Now. I adore him, but it seems like lately he demands a lot of my time, and I get it because I've been gone so much, but this weekend I resented it for a little bit. I like my Me Time and I got none. And I haven't had any for a while.

I did offer to help him do a few repairs on his rent house, because I actually enjoy that type of stuff and he was stressing about it. Then we had social plans Saturday night and he was having a family dinner on Sunday that he wanted me to attend/bring a side.
Normally that would actually be a fun weekend, but after traveling all week I didn't want such a packed schedule. I felt super annoyed at one point, but I was able to vent to Ashley and I quickly shifted my grudge. A lot of that was my own doing... none of it was actually his fault and he's just a sweet guy who wants to spend time with me... Literally I tried to leave Sunday after dinner and he asked if I would just sit on the couch with him for a minute. I did, because nothing is so important that I can't spare a few minutes on the couch, but I was torn because I was enjoying sitting on the couch but was also thinking about how I needed to get to Petsmart before they closed because I was out of cat food.

It's just that lately I feel like I'm being stretched in so many directions. Traveling Monday through Friday leaves only 2 days to take care of everything and it's not enough. It doesn't help that I have plans every weekend from now until the end of September. Some of them are more relaxing/fun plans, like glamping at our friends' property and a trip to Denver, but they are obligations nonetheless.

I think I've pinpointed what I need: a few days with NO PLANS. I equate relaxation with no obligations; I like to simply wake up and do whatever I feel like doing at that moment. I think that if I'm able to spend a little bit of time in town, at home, I won't feel so overwhelmed by weekend plans, but I still blocked off a weekend towards the end of September for pure ME time. Reading magazines, painting, shopping, whatever I feel like doing. Don't ask me to schedule anything, I'll decide 5 minutes beforehand what I'm doing.

Today, what a treat, I got to stay in town. I got a ton of work stuff done in the office, plus I was able to get so much personal stuff done. It's so nice being home.
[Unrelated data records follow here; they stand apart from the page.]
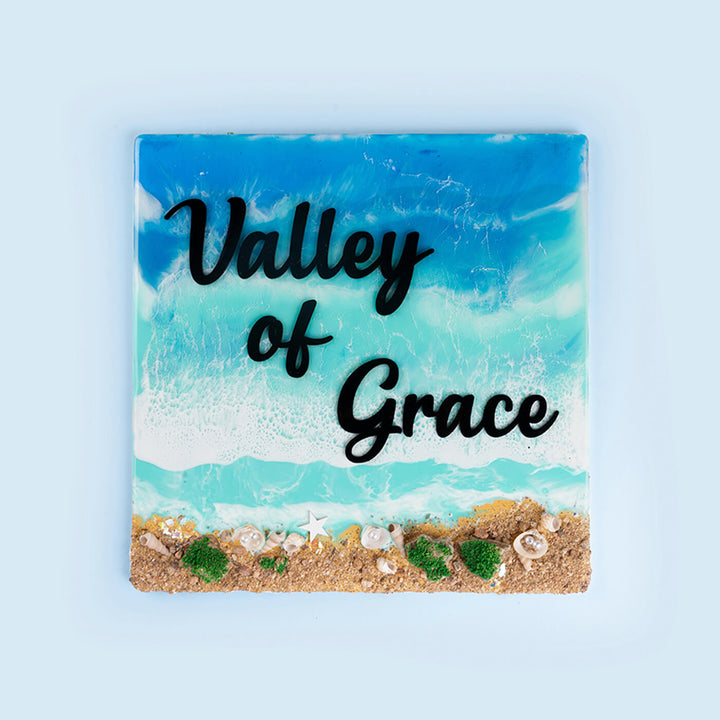 Handcrafted Resin Beach Vibes Name Plate - Top-down View Showing Text Design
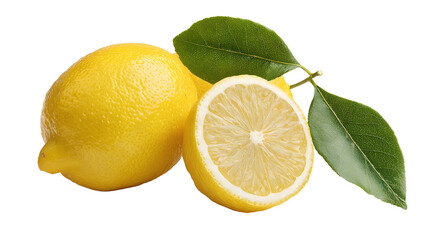 Fresh lemons with vibrant yellow skin and green leaves, showcasing a cut lemon revealing juicy interior, ideal for culinary use
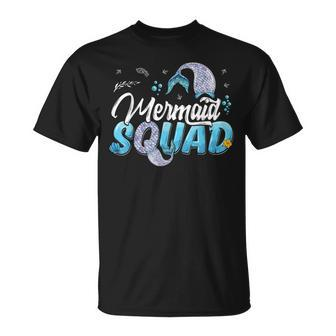 Mermaid Squad Party Mermaid Birthday Matching Set Family Unisex T-Shirt | Mazezy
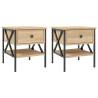 Sonoma Oak Bedside Tables - 2 pcs Industrial Style | Hipomarket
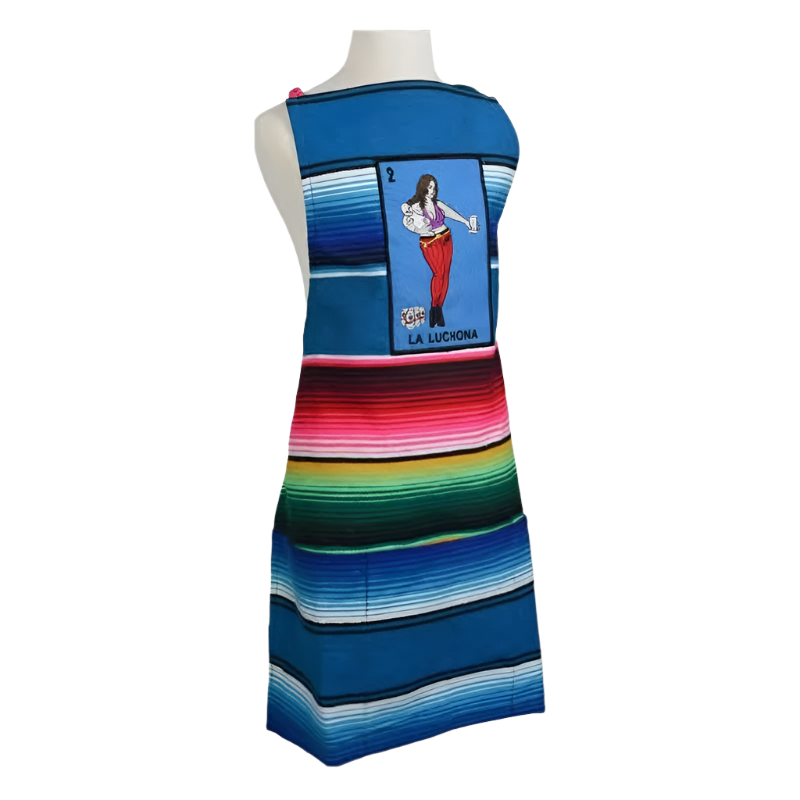 Mexican Apron Mandil Mexicano TM-74580 Loteria La Luchona Saltillo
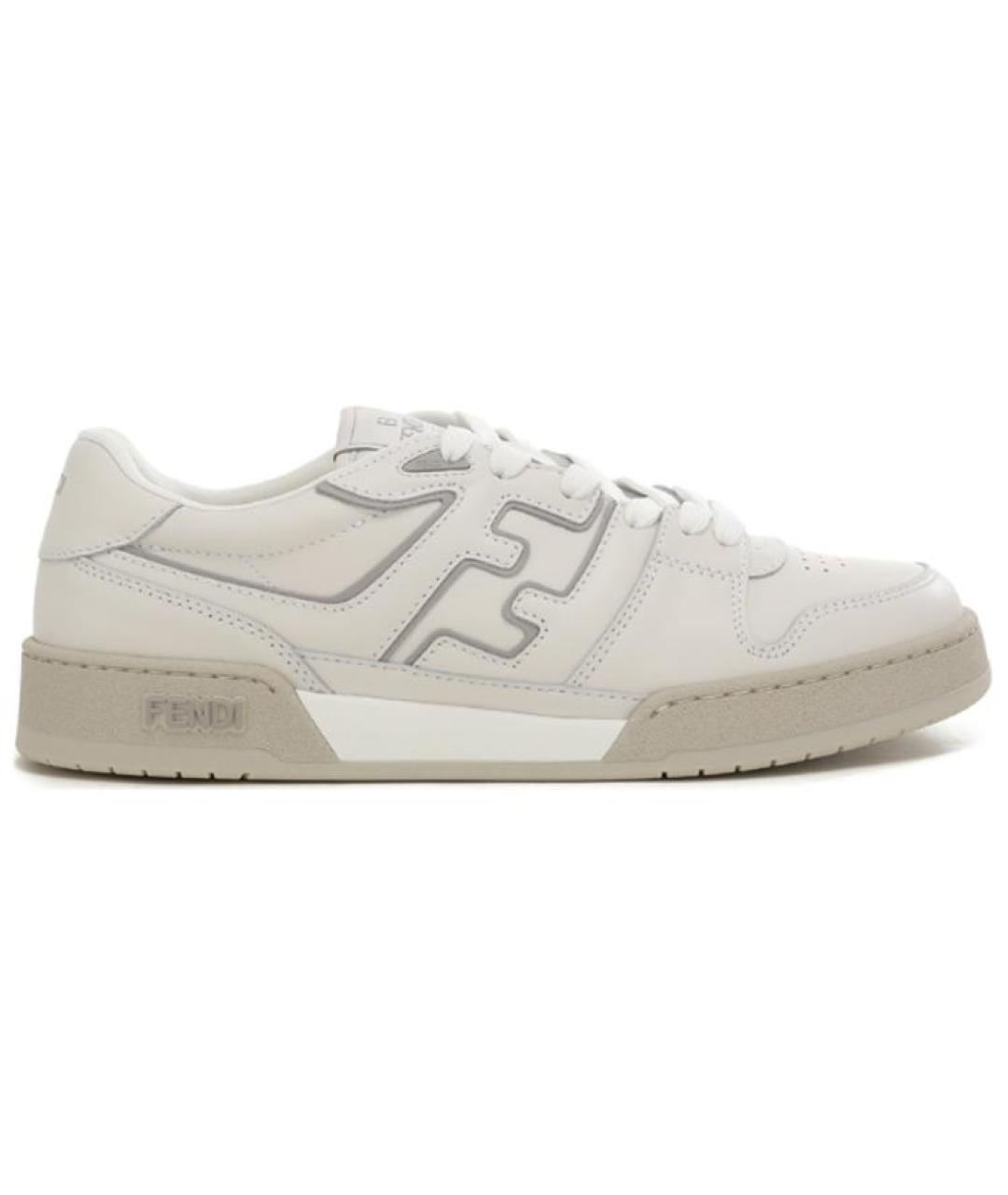FENDI Белые кожаные низкие кроссовки / кеды, фото 1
I get to do things like go to the grocery store and pet Pumpkin and go to my brother's house for his baby's gender reveal. (OMG time to start shopping for a little baby girl!)

A couple other things:

Pumpkin- I've noticed lately that if I'm up and doing stuff around the house, Pumpkin will follow me around and meow until I sit down on the couch and pet her. Poor kitty, she just wants some attention. Right now she's on the bar stool next to me, purring. She's doing much better with the daily steroids. Still not eating a whole lot, but overall she seems happier and healthier.

Something to note- I really love how FG has confidence in me. Like, I told him that I was really good at caulking (helloexperience). And even though he is a very particular guy, he didn't question me. When I offered to replace the caulk in the bathrooms at the rent house, instead of acting hesitant or wanting to supervise to make sure, he simply said, "Okay," handed me the caulk, and left to go fix the ceiling fan in the bedroom. Then when I was done, he highly praised my caulking skills, although I'm not sure if it was because it looked really great (it did), or he just wanted to take advantage of the obvious innuendo.
Perhaps both. Which is just another reason to like him.